Miller is planning to conduct a similar tutorial at a Ridgewood church in February.
"She's the most generous, thoughtful and loving person I've ever met in my entire life," said Avia, a retired teacher. "And, she's so entertaining — that's why her fundraisers bring in so much money. She has such a reputation for entertaining people."
Extending life
Miller learned from her musically inclined parents. Her mother was a pianist, and her father established the Peragallo Pipe Organ Company, a Paterson institution that marked its centennial last year. She herself played the concert stage until she was 16.
But, when it came to hobbies, music would play second fiddle to the art of drying flowers after she and her husband, Charlie Miller, bought a farm in Ridgefield Springs, New York, a village 14 miles north of Cooperstown, in 1972.
Soil at the 33-acre farm was rich in organic fertilizer, though Miller calls it something else.
"The ground had so much cow manure that everything I planted came up gorgeous," Miller said. "I ended up doing five huge gardens."
Miller wound up with so many flowers, and at first, she did not know what to do with them.
"I just sat in the barn, and I said: 'What a waste. All of these flowers are going to die. Can't I try to make their life a little longer?'" Miller recalled.
She tried different methods to dry her flowers, finding that some, such as cockscomb, could be dried out simply by hanging upside-down.
For other varieties, Miller experimented with desiccants, like salt, sand and sugar, but nothing worked until she discovered silica gel.
The average flower takes up to five days to dry out. Most sun-loving varieties, including hydrangeas, peonies and roses, are able to be dried, said Miller, who now cultivates all of her flowers at her home garden. The farm was sold three years ago.
Each dried arrangement can last as long as 10 years. Shelves of cardboard boxes in Miller's basement workshop are filled with layers of flower buds, some of which have been drying out for years over a thin bed of silica gel.
Spreading art
In 1976, Miller's dried arrangements were featured in Family Circle magazine, a monthly home economics publication, based in New York City, that printed its last edition this month.
As a result of that piece, Miller's dried-flower creations were used to decorate the White House for decades.
The late Rex Scouten, curator of the White House, read the article and contacted Miller because, with 132 rooms, it became challenging for staff there to keep up with fresh flowers.
Miller made more than 60 dried arrangements for the White House, beginning in 1979 for former President Jimmy Carter, and for each of the next four presidents.
She maintained close ties with all of the first ladies, including Rosalynn Carter, who wrote the following note to Miller on White House letterhead on Nov. 13, 1980:
Again I want to thank you for your beautiful dried flower arrangements. We are grateful to you for being so generous with your time and talent.
And thank you, too, for the nosegay. It is a very special gift which will always be a reminder of our friendship.
As further testament to Miller's acclaim, her 1997 book, "Harvesting, Preserving & Arranging Dried Flowers," went through four printings and still is in high demand, as novice gardeners have contacted her to try to buy remaining copies for large sums.

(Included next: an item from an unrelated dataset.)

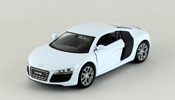 Audi R8 V10, size 4.5 inch in White by Welly, diecast miniature scale model car.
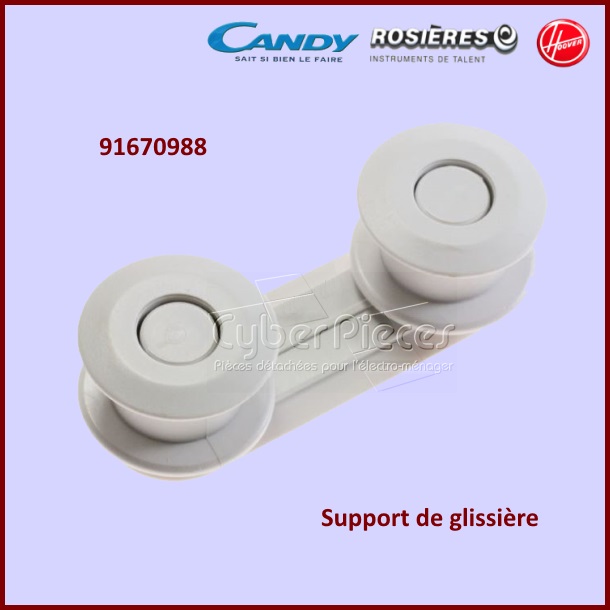 Support glissière avec roulettes Candy 91670988 - Pièces lave-vaiss...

"It really spread," Miller said. "The art of drying flowers has really, really spread. It has brought so much joy to so many people."

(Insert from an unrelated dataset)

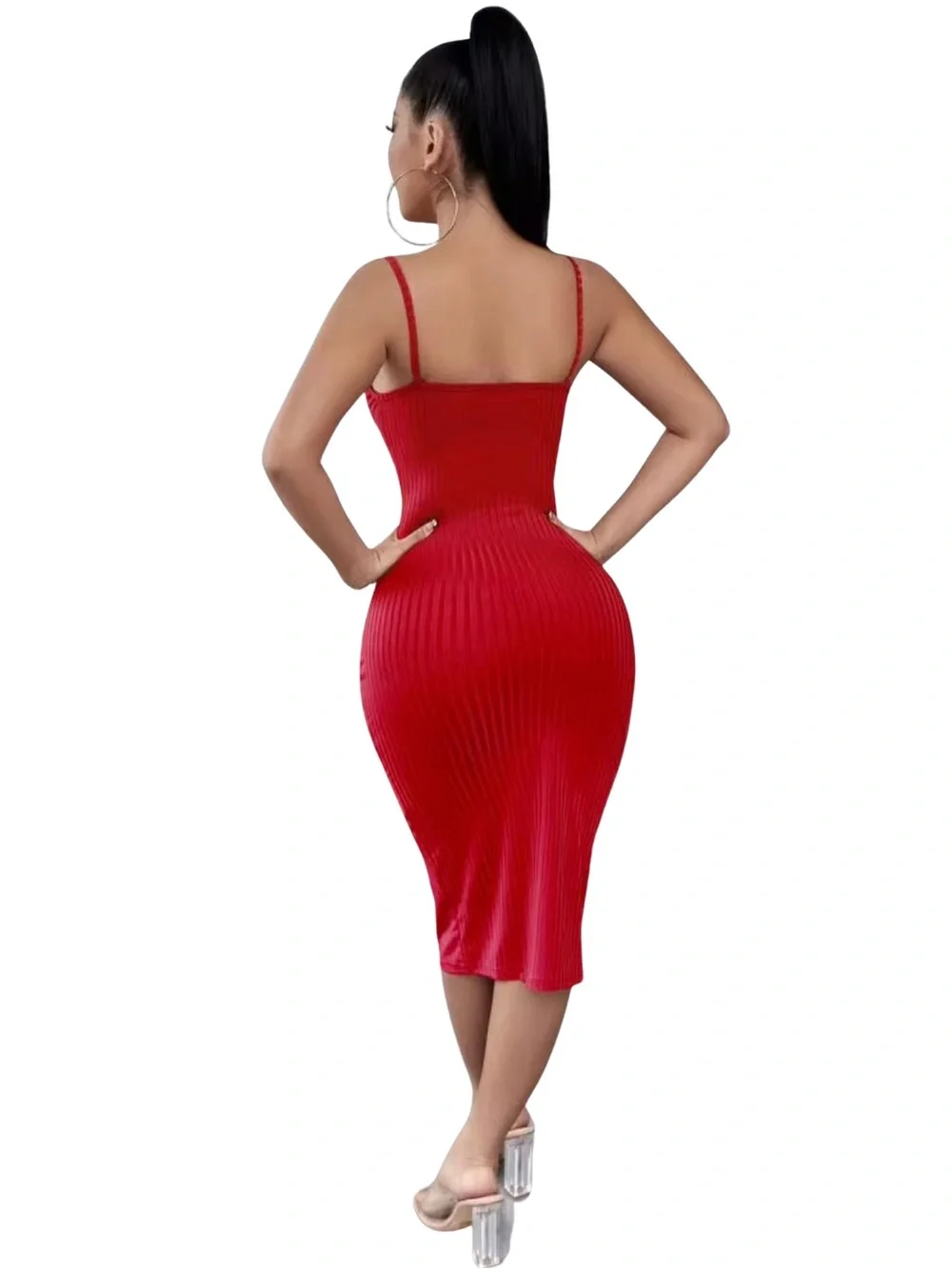 PrettyLittleThing Red Ribbed Midi Bodycon Slip Dress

She is the first to admit that her life story reads like a fairy tale, but she blames it on that chance encounter she had 37 years ago.
"I've been blessed," Miller said. In a joking tone, she added, "It's the pope — he did it."

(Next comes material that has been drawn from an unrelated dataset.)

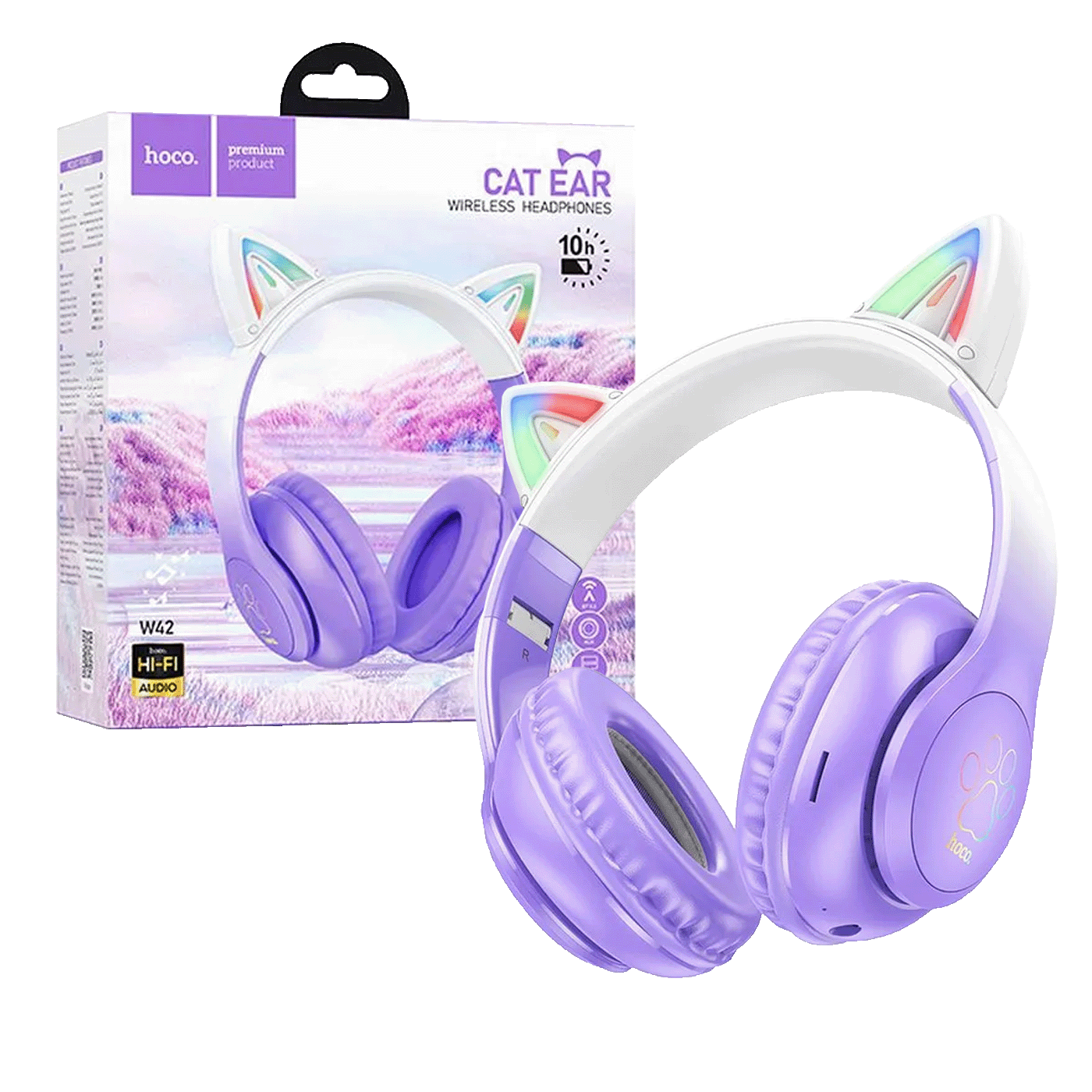hoco. Slušalice bežične sa mikrofonom, Bluetooth - W42 Cat Ears, Purple Grape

Philip DeVencentis is a local reporter for NorthJersey.com. For unlimited access to the most important news from your local community, please subscribe or activate your digital account today.
Email: devencentis@northjersey.com Twitter: @PhilDeVencentis
How to create a dried arrangement
Cathy Miller recommends the following five steps to make the perfect flower creation:
- Do not pick flowers when they are dew-covered or wet, and cut them before peak bloom.
- Store flower buds in airtight boxes until you are ready to arrange. Add three tablespoons of silica gel to the bottom of each box.
- Make artificial stems after buds are dry by wrapping floral tape around 19-gauge, steel wire. Gently poke one end of each fake stem into each bud.
- Insert the other end of each stem into floral foam at the base of your container.
- Keep your completed arrangement out of direct sunlight.